Appellee’s motion to dismiss this appeal asserts that the decree of August 31 overruling appellant’s motion to dissolve the temporary injunction was an interlocutory decree, not a final one, and that it was not appealable without permission of the chancery court. On the other hand, appellant argues that although the decree was interlocutory in form, in fact it was a final decree, since the hearing for perpetuation of testimony was to take place on July 19, and that date had passed without the perpetuation proceedings being held, since the temporary injunction forbade them.

It is well-established that a decree overruling a motion to dissolve a temporary injunction is interlocutory, and that in order for an appeal to be taken from such decree, the chancellor, or if he refuses, a Judge of this Court must first allow the same. Griffith, Miss. Chancery Practice (2d Ed. 1950) Sec. 684, p. 760, discusses interlocutory orders from which no appeal lies, and among them lists decrees “ordering the issuance of a temporary injunction, — in which case the only way to obtain an interlocutory appeal is to move to dissolve, and if the motion be overruled then to appeal from that action, if the chancellor or a supreme court judge will allow the appeal.” Alexander v.
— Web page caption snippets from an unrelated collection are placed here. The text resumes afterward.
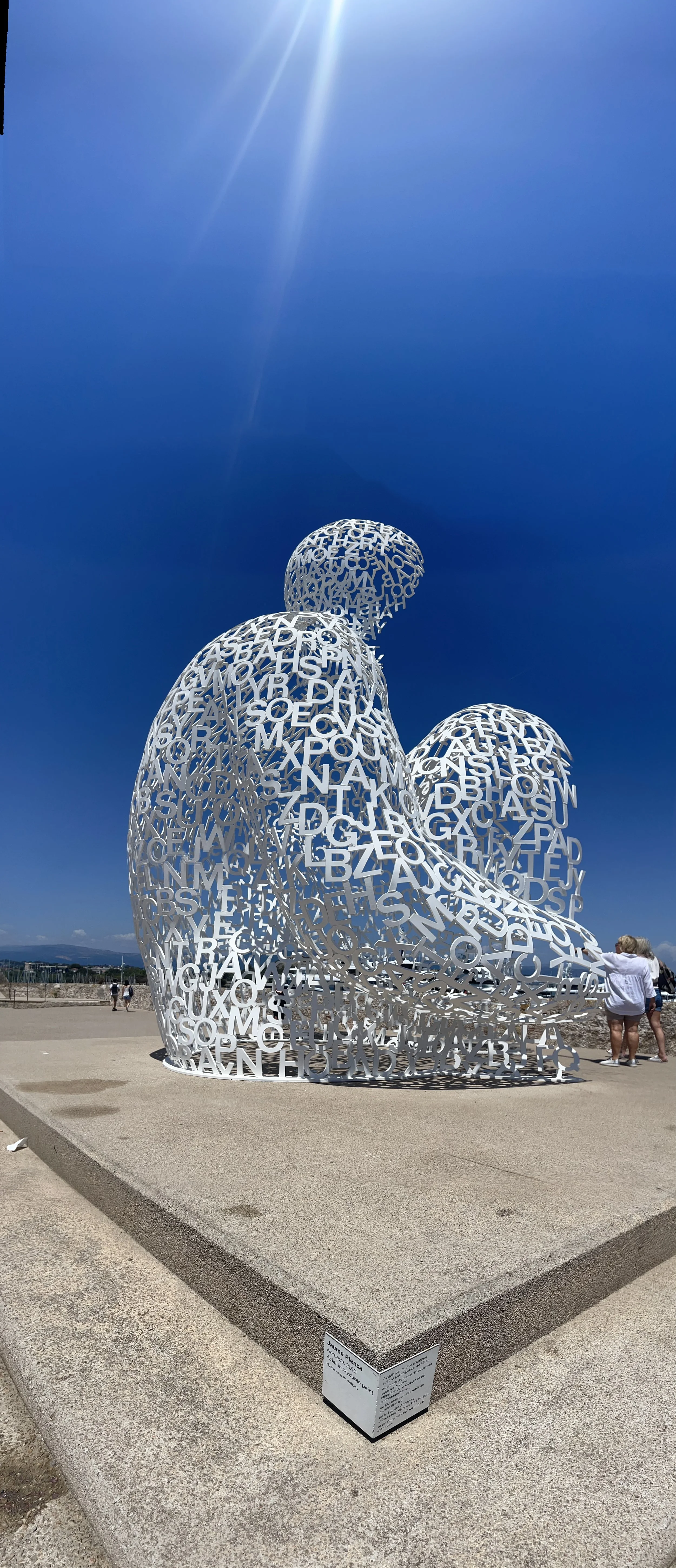 Large outdoor sculpture of a heart made of white metal letters, located on a concrete platform with a clear blue sky overhead.
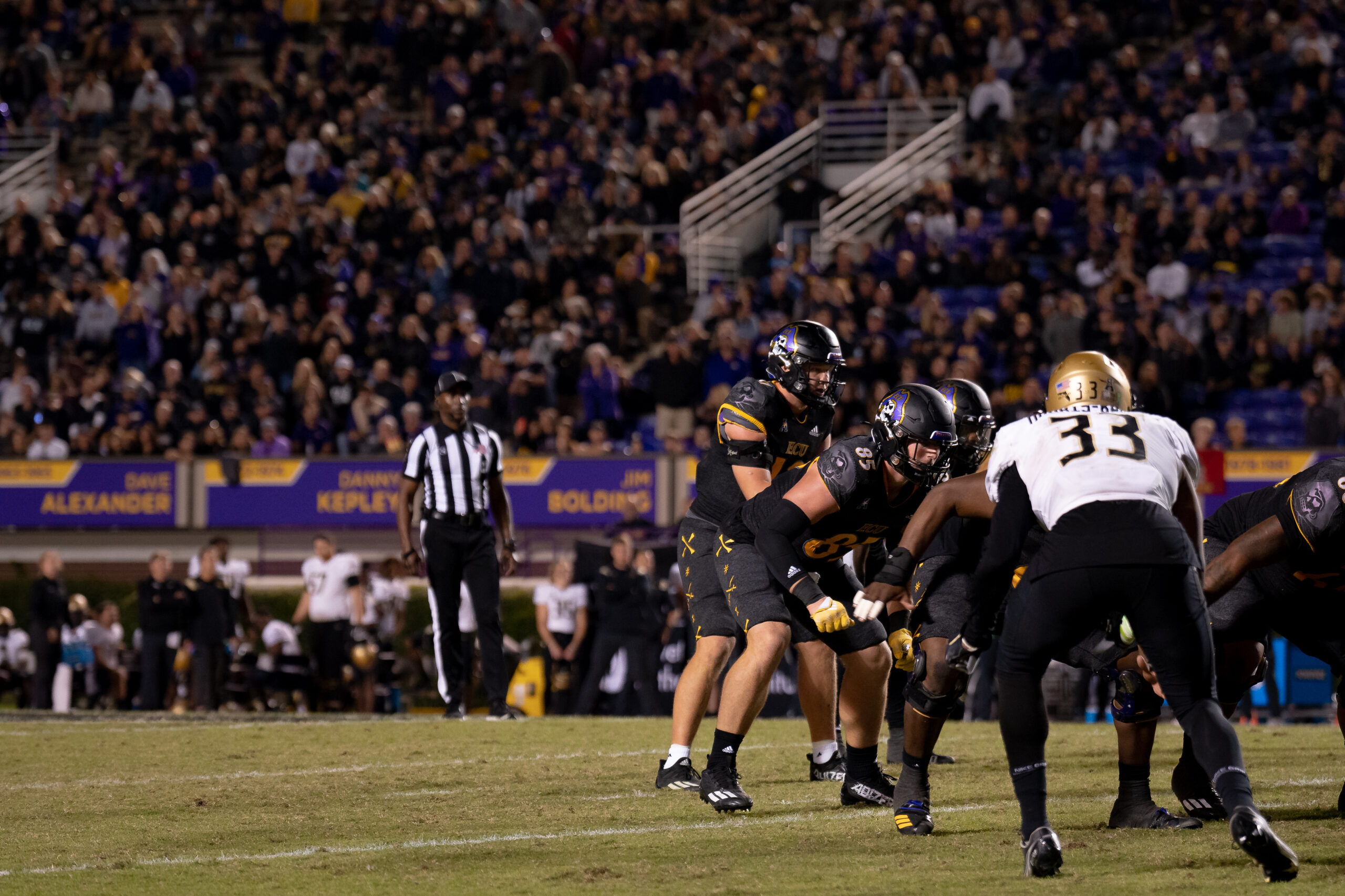 My First ECU College Football Photography Assignment 127 Players blocking at the line in front of the crowd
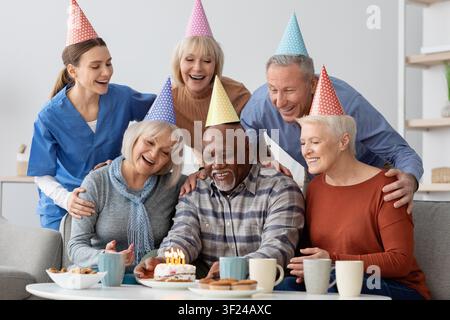 Fröhliche diverse Gruppe feiert Geburtstag mit Kuchen und Kerzen zu Hause, Familienkonzept Stockfoto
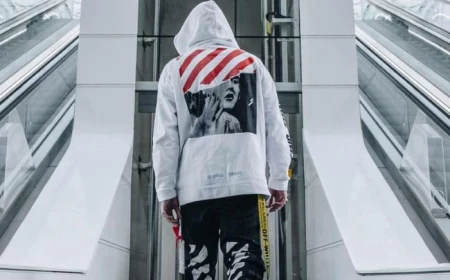 streetwear fashion man wearing all off white outfit white hoodie black pants black sneakers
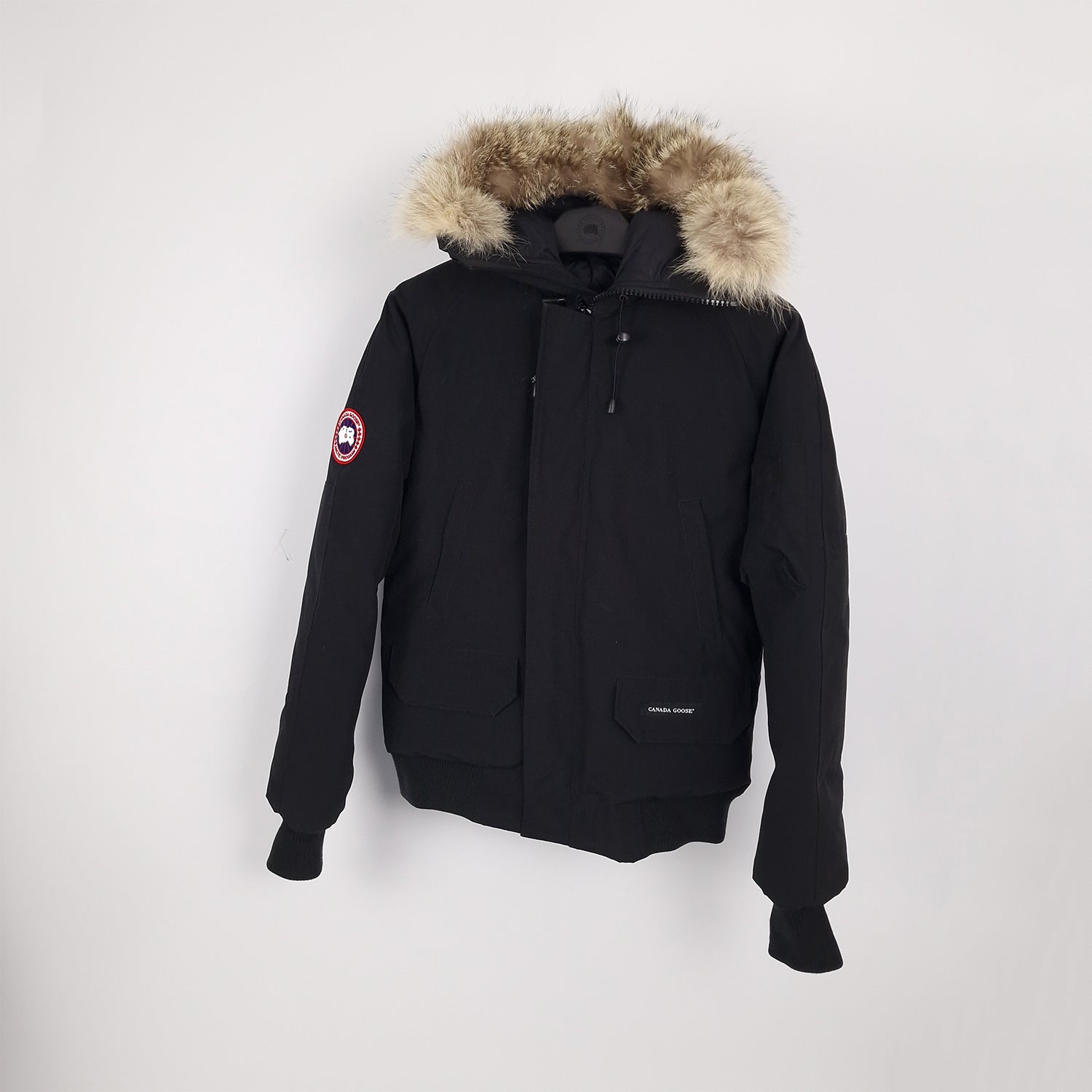 Professional product photo of Canada Goose Chilliwack Bomber in black, men's luxury down-filled bomber jacket with fur hood, style 7950M Small, full jacket view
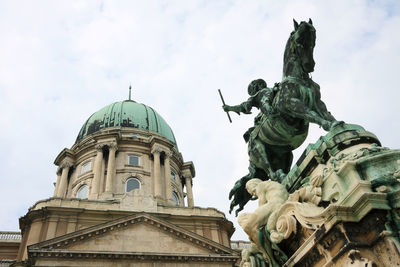 Low angle view of equestrian statue in front of buda castle
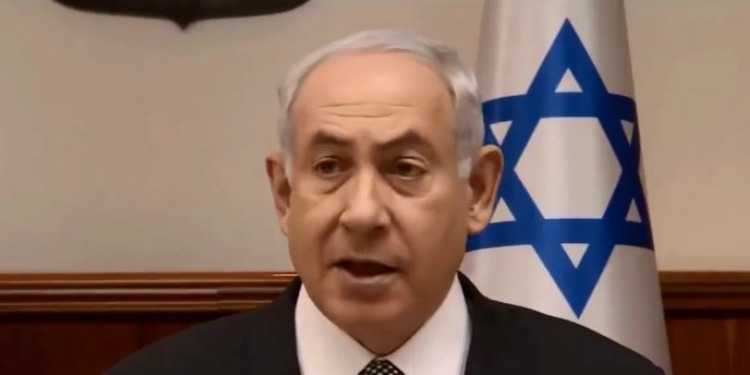 Bibi talking in front of an Israeli flag.
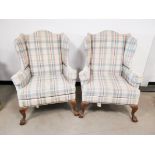 A pair of upholstered wing back arm chairs, raised upon claw and ball feet to the front, later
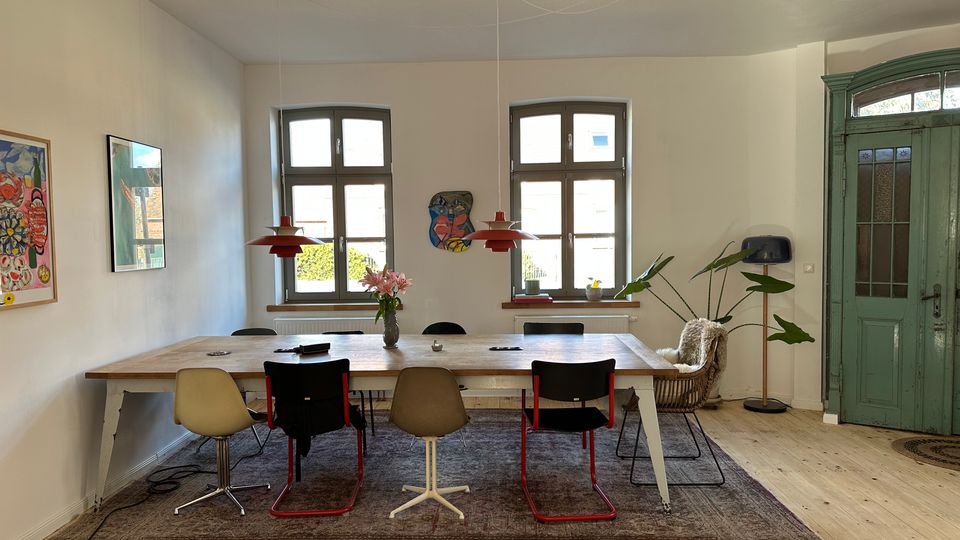 Heller Ess- oder Besprechungsraum mit großem Holztisch auf Teppich, gemischten Stühlen und zwei roten Pendelleuchten. An der Rückwand stehen zwei hohe Sprossenfenster; rechts ist eine große grüne Holztür, daneben eine Zimmerpflanze und ein Sessel.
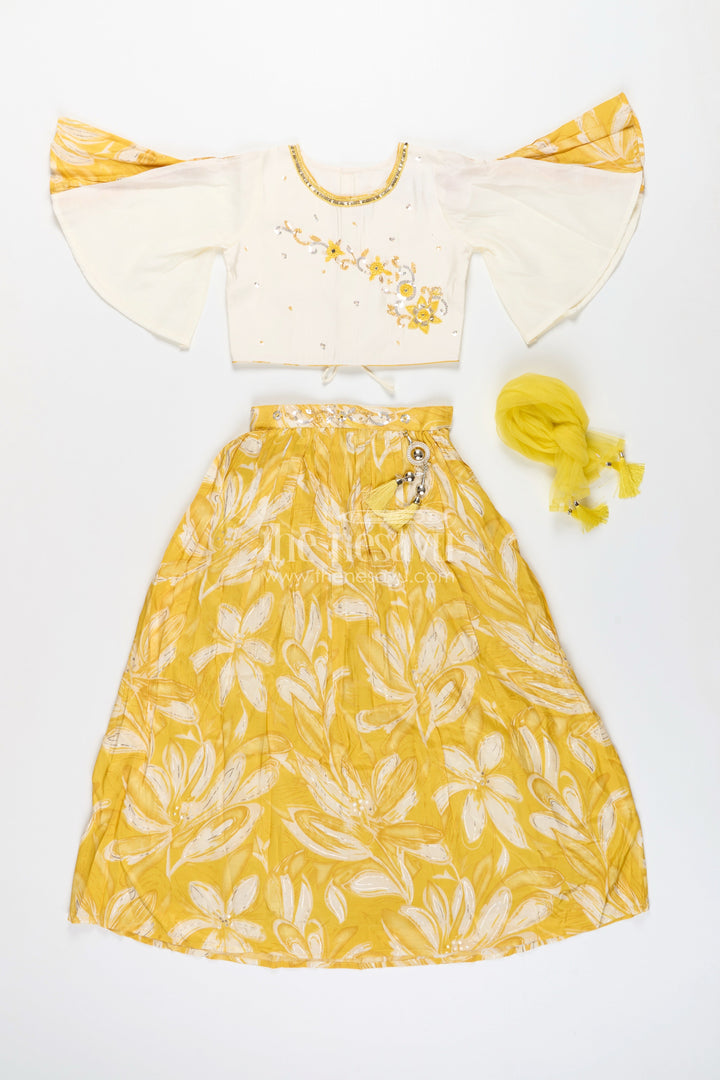 The Nesavu Girls Lehenga Choli Girls lehenga choli set with floral print and flutter sleeves Nesavu Nesavu yellow floral lehenga choli set girls flutter sleeves  festive haldi outfit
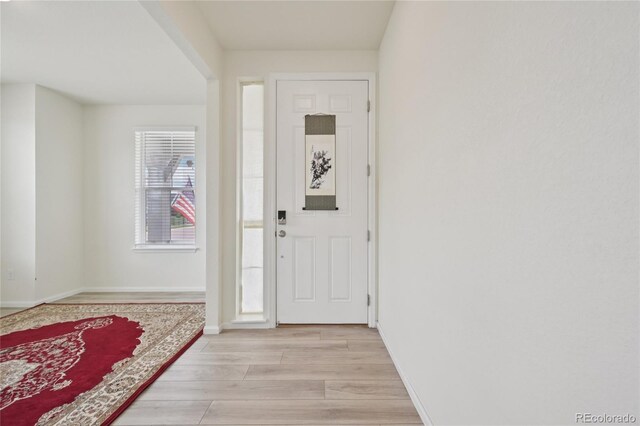 12854 Clearview St, Firestone, CO 80504 - entryway featuring light wood-style flooring and baseboards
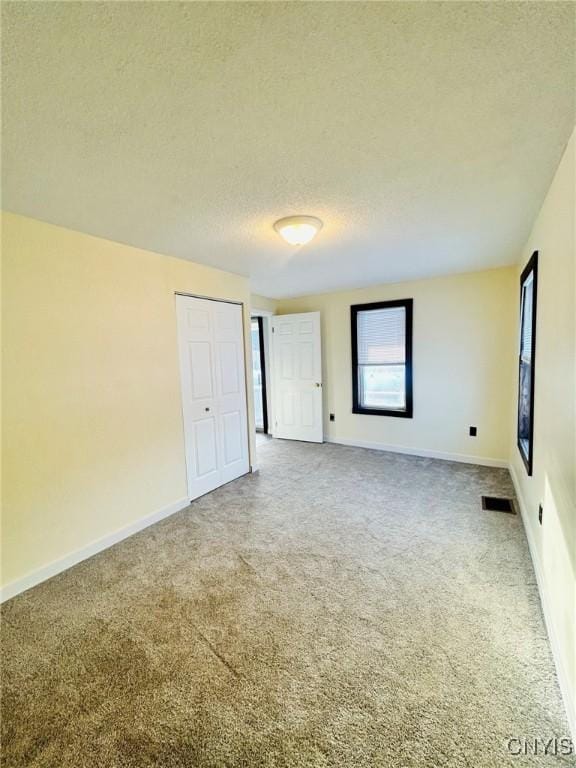 carpeted empty room featuring a textured ceiling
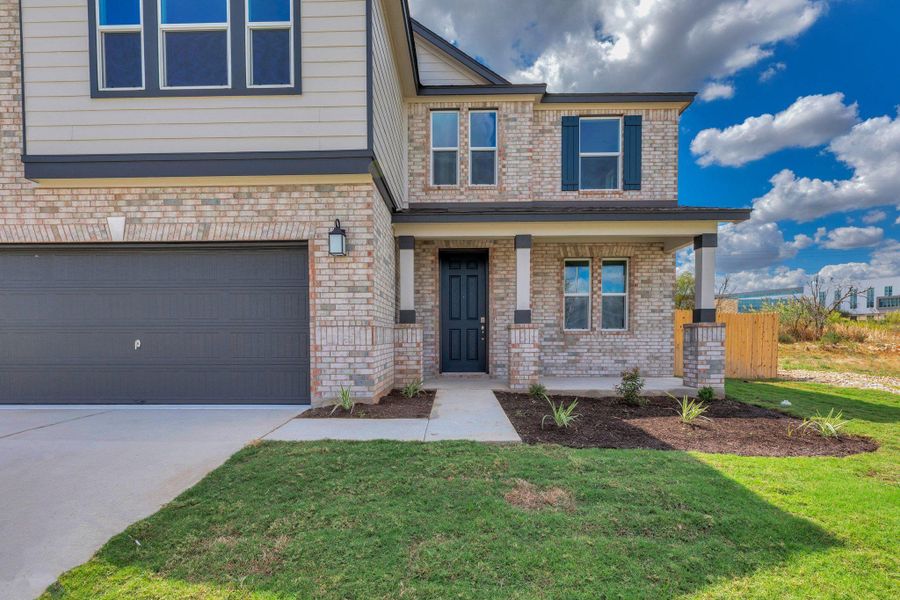 Exterior details and patio area of a home in Mustang Valley, Manor (Image 23).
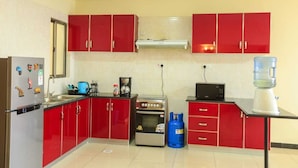 A compact kitchen with red cabinets, a refrigerator, a stove, and a microwave. - Nairobi Luxury Suites (Nairobi)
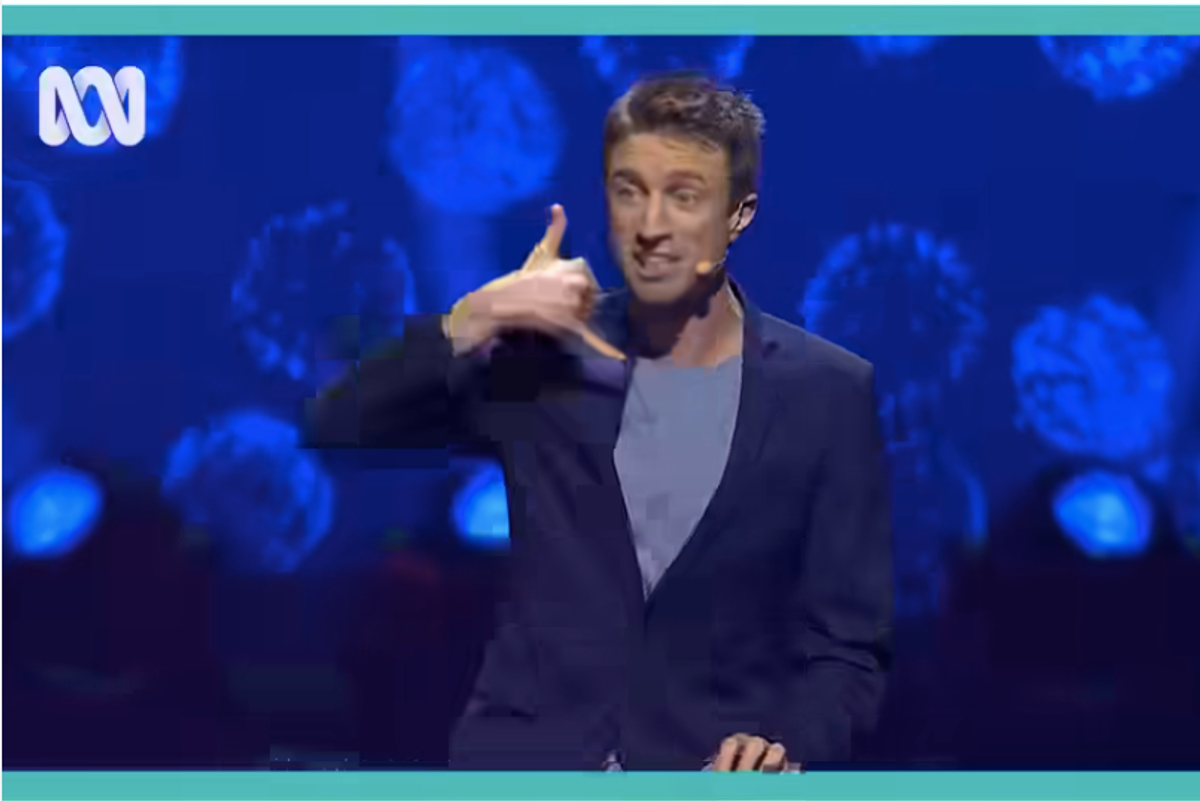 man on stage at the piano making a phone gesture with his hand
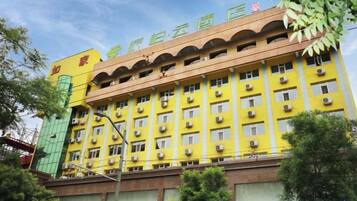 A multi-story building with a yellow facade, multiple windows, and a green entrance.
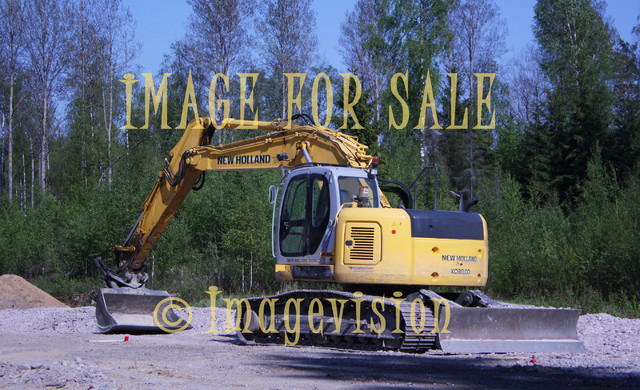 for sale yellow digger against forest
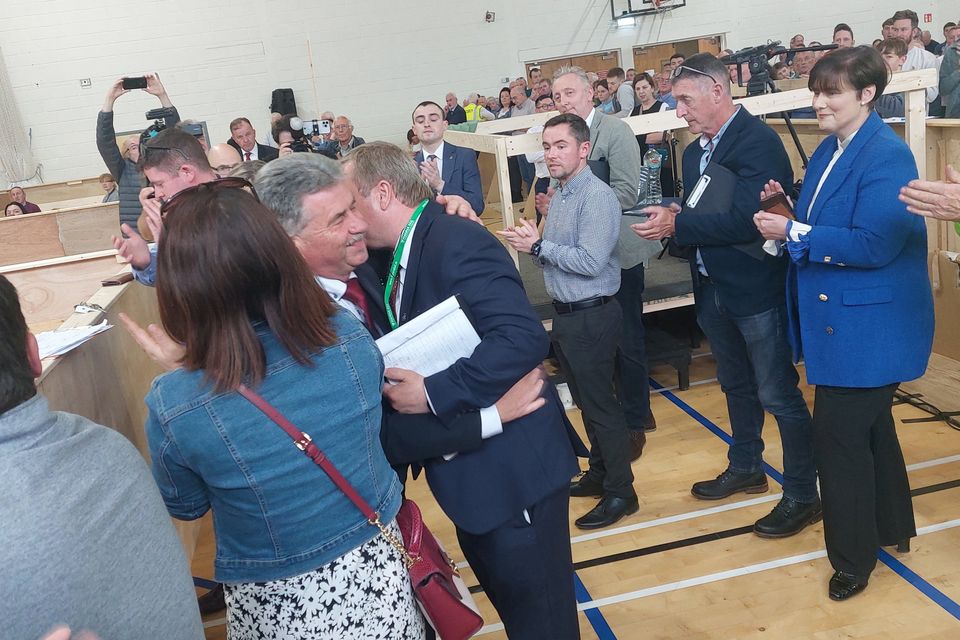 Breandán Fitzgerald (right) commiserates with party colleague Michael O'Shea at the count centre.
Woods, 103 Miss. 875, 60 So. 1017 (1913).

Code Sec. 1148 allows appeals from interlocutory orders or decrees under very limited circumstances: where the court thinks an appeal proper to settle all the controlling principles involved in the cause, or in exceptional cases to avoid expense and delay. Such appeal must be allowed either by the chancellor, or if refused by him, by a Judge of this Court, and must be applied for and bond given within thirty days. Here no such permission to appeal from this interlocutory decree has been granted. Nor would an appeal from it settle all of the controlling principles involved in the cause. Moreover, at the time the decree of August 31 was entered there was pending the answer and cross bill of Hall. The cross-defendant had not then filed its answer to the cross bill. These pleadings on the merits were awaiting the next regular term of the chancery court for a hearing-on the merits.

Nor can we agree with appellant’s contention that in fact the decree is a final one. For reasons already stated, it was purely interlocutory in nature. The trial court has not decided the case on the merits. The mere fact that the date had passed which was set for the hearing of the perpetuation of testimony proceedings would not affect appellant’s right later to set another date for taking testimony in such matter, if appellant obtains a favorable decree by the trial court permitting the same. Hence this appeal is premature and must be dismissed.

Motion of appellee to dismiss appeal sustained.

Roierds, P. J., and Hall, Lee and Holmes, JJ., concur.